La poetica del regista raggiunge la sua massima espressione, dalla condizione precaria dell'essere umano (perno concettuale di Father and Daughter) all'ecologia (base di Tom Sweep), dalla fantasia visionaria all'oppressione del reale. Questa riproposizione di Robinson Crusoe di Defoe crea ponti filosofici tra la natura dell'animale sociale (l'uomo) e la natura del mondo (Dio), quasi richiamando il naturalismo spirituale di Terrence Malick in una dimensione in cui non esistono voci, bensì soltanto rumori e suoni selvatici. Artisticamente, la presenza dello Studio Ghibli non snatura ma, al contrario, accentua i caratteri dolci ed essenziali di Dudok de Wit, mentre realizza sfondi e sfumature fotografiche meravigliose nella loro semplicità. Ancora più straordinaria è la fusione stilistica tra Occidente e Oriente, che permette a La Tartaruga Rossa di godere di fondali e di paesaggi che tanto si rifanno alla scuola fumettistica franco-belga e all'Impressionismo, quanto integrano nella sobrietà delle tonalità di colore l'ukiyo-e e il design grafico giapponese.
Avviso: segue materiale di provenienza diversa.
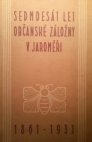 Sedmdesát let Občanské záložny v Jaroměři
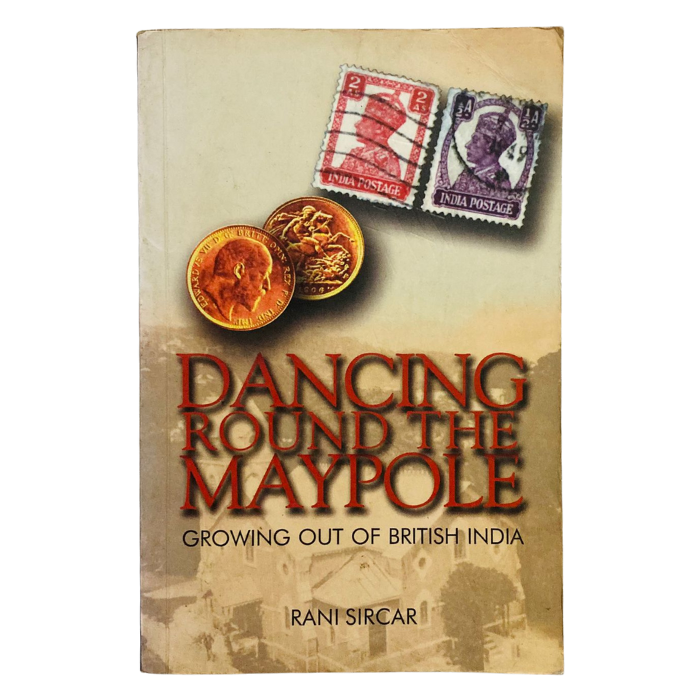Dancing Round the Maypole: Growing Out of British India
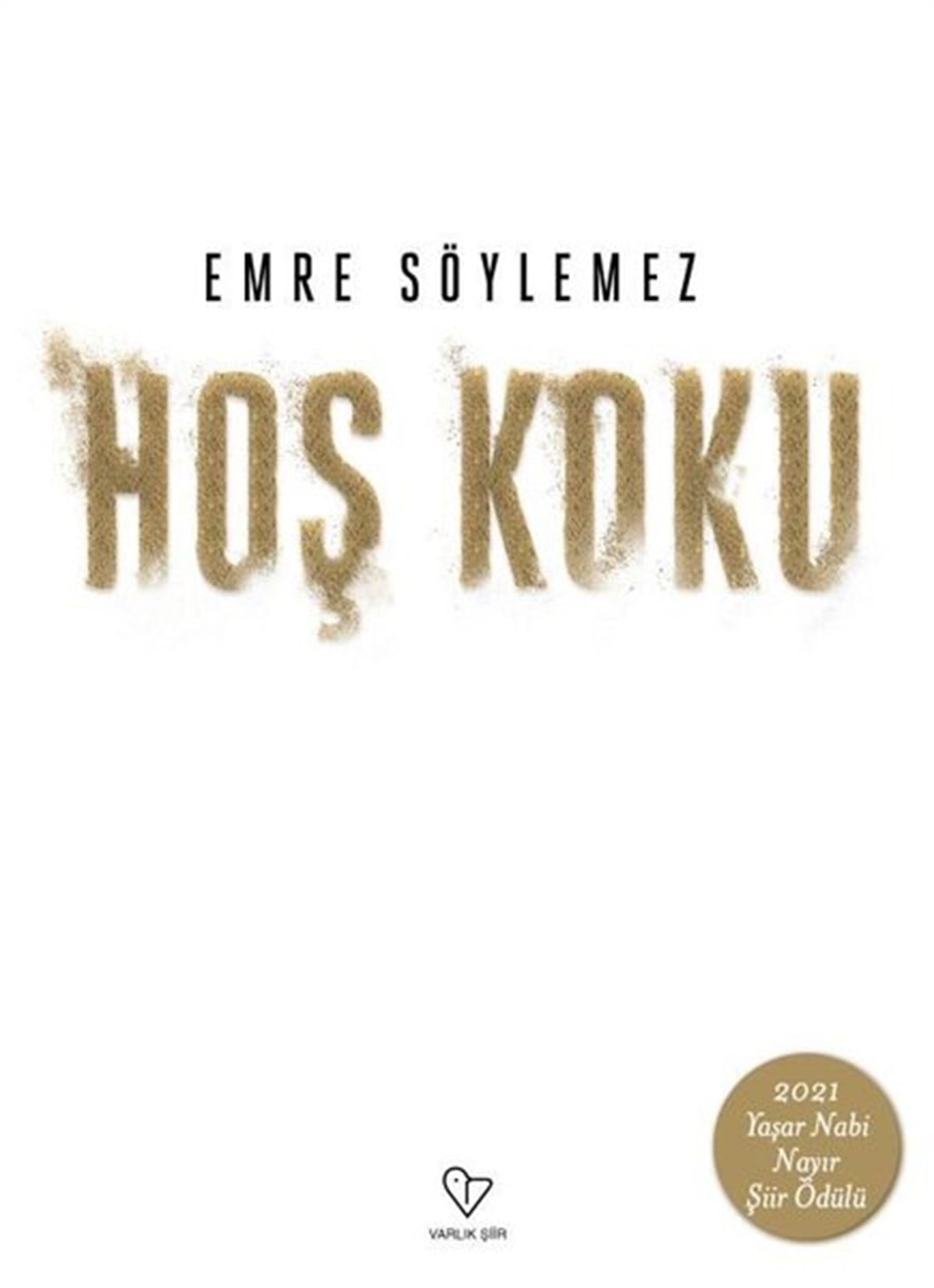Emre SöylemezTürk ŞiiriHoş Koku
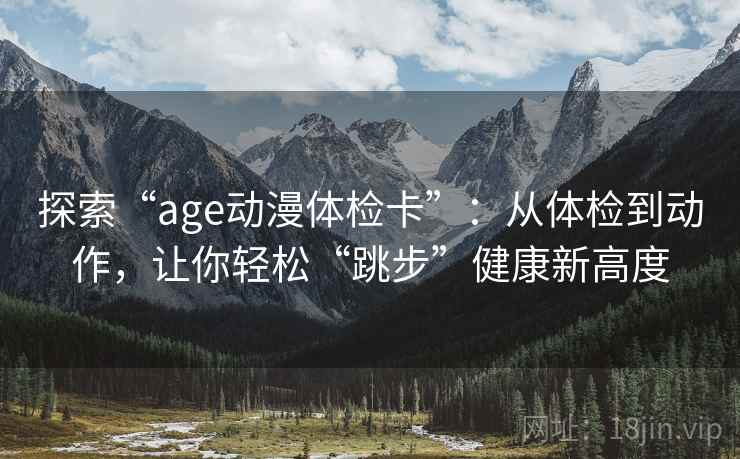探索“age动漫体检卡”:从体检到动作,让你轻松“跳步”健康新高度 探索“age动漫体检卡”:从体检到动作,让你轻松“跳步”健康新高度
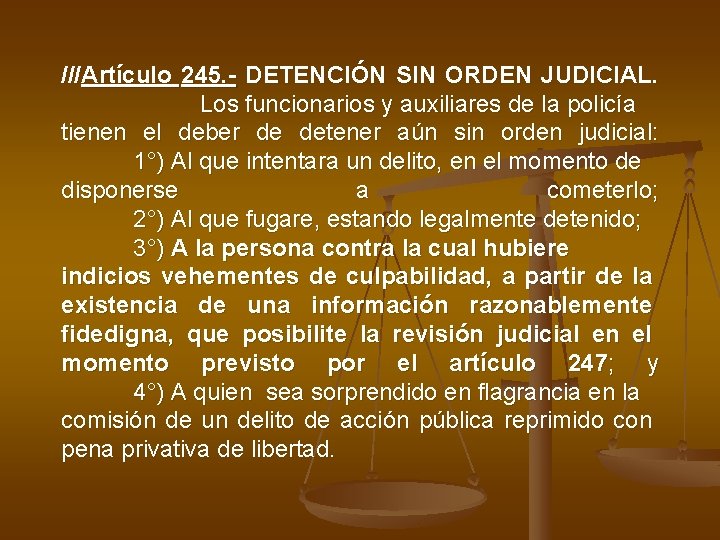 ///Artículo 245. - DETENCIÓN SIN ORDEN JUDICIAL. Los funcionarios y auxiliares de la policía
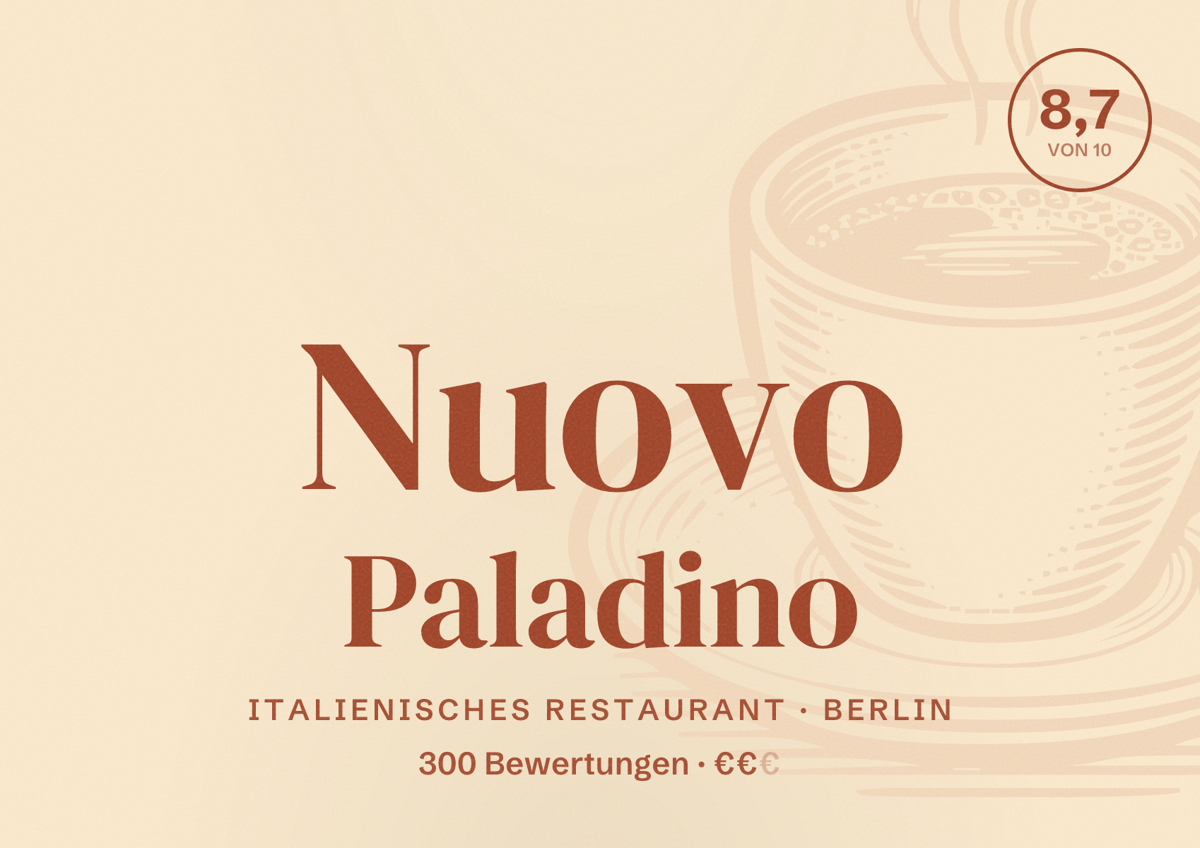 Illustriertes Poster von Nuovo Paladino, Italienisches Restaurant in Berlin: Bewertung 8,7 von 10 aus 300 Bewertungen, Preisniveau €€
Lo spettacolo visivo è immenso. Il regista, grazie a questo film, raggiunge i grandi nomi della storia dell'animazione degli ultimi vent'anni, riuscendo a realizzare un lungometraggio muto che scorre veloce e rimane sempre alto nella sua espressione poetica. Le immagini si fondono in maniera sublime con l'ottima e travolgente colonna sonora di Laurent Perez Del Mar, la quale aumenta la carica emotiva delle scene più surreali, suggestive e maestose dell'opera. Il cinema d'animazione europeo non raggiungeva livelli di bellezza tanto rari da Faust (1994) di Jan Svankmajer.